━━ Task inputs
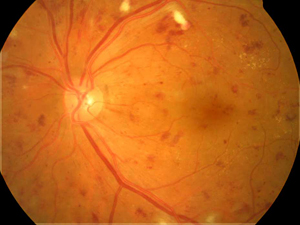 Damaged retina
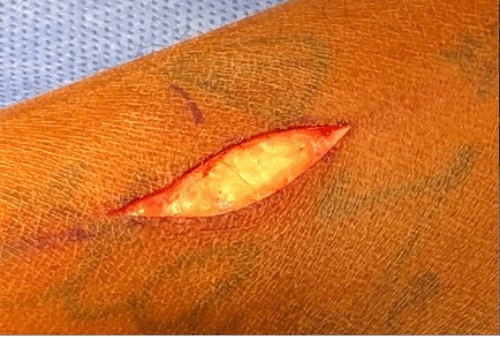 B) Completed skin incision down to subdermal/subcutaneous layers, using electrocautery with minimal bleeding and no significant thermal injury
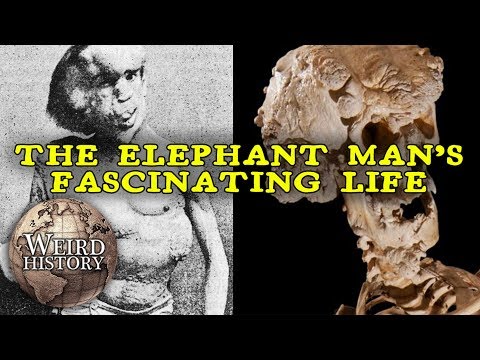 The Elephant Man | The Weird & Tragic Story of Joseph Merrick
━━━━
━━ Task inputs
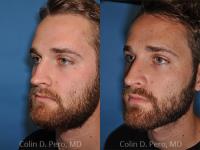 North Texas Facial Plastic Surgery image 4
━━━━
━━ Task inputs
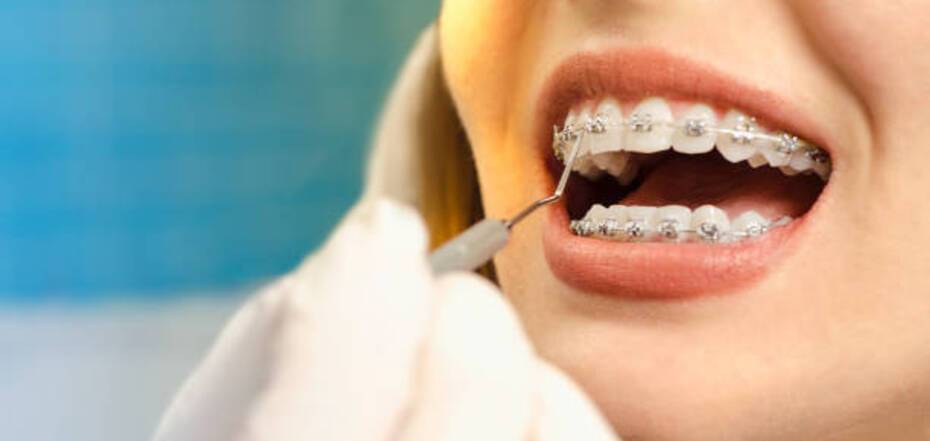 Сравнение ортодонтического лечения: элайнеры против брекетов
━━━━
Task objective>
Please output the lines above beginning at the line with "Damaged retina" and ending after the line with "The Elephant Man", precisely as written and with no pictures.

Response to this task>
 Damaged retina
 B) Completed skin incision down to subdermal/subcutaneous layers, using electrocautery with minimal bleeding and no significant thermal injury
 The Elephant Man | The Weird & Tragic Story of Joseph Merrick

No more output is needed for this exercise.